YOUR ASSIGNMENT
Exactly transcribe the line that holds "Curved suction connector,PTFE" and every remaining line of the records, up to and including the final one, with nothing else.

DATA PROVIDED
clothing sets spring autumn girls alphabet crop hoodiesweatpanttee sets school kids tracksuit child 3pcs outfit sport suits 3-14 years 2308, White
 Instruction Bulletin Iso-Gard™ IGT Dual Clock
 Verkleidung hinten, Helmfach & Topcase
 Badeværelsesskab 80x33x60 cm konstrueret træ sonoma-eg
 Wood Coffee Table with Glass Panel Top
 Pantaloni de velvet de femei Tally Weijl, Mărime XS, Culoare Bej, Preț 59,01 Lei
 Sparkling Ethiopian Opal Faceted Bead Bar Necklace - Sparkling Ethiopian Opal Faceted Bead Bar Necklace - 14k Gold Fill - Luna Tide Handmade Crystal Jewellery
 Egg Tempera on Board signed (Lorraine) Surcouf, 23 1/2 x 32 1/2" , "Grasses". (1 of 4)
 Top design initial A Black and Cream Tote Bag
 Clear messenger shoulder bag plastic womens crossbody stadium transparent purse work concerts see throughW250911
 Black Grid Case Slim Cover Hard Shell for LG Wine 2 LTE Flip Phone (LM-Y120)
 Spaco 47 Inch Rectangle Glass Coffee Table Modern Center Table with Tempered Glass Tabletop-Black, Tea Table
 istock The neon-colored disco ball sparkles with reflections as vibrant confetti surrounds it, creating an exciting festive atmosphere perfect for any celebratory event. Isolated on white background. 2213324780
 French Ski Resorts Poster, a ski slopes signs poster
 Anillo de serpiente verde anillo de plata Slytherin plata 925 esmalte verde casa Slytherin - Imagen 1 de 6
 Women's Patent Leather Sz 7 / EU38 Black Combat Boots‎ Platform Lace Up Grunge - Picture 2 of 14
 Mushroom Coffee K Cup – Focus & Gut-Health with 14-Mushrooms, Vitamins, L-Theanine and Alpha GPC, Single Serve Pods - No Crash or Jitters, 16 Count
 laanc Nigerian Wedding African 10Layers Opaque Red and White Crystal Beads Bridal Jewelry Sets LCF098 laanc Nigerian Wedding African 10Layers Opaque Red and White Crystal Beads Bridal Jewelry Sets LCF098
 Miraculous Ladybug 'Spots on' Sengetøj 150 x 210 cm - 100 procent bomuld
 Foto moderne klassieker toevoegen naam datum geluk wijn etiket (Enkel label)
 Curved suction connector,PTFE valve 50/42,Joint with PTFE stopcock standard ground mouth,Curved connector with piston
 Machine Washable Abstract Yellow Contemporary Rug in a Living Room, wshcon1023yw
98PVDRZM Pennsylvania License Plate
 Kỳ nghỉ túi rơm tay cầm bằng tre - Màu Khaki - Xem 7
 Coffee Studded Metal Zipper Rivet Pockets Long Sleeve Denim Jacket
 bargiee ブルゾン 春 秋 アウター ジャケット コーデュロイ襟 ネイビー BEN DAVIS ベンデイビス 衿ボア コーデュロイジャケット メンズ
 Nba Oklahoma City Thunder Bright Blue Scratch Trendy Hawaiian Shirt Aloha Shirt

COMPLETED EXERCISE
 Curved suction connector,PTFE valve 50/42,Joint with PTFE stopcock standard ground mouth,Curved connector with piston
 Machine Washable Abstract Yellow Contemporary Rug in a Living Room, wshcon1023yw
98PVDRZM Pennsylvania License Plate
 Kỳ nghỉ túi rơm tay cầm bằng tre - Màu Khaki - Xem 7
 Coffee Studded Metal Zipper Rivet Pockets Long Sleeve Denim Jacket
 bargiee ブルゾン 春 秋 アウター ジャケット コーデュロイ襟 ネイビー BEN DAVIS ベンデイビス 衿ボア コーデュロイジャケット メンズ
 Nba Oklahoma City Thunder Bright Blue Scratch Trendy Hawaiian Shirt Aloha Shirt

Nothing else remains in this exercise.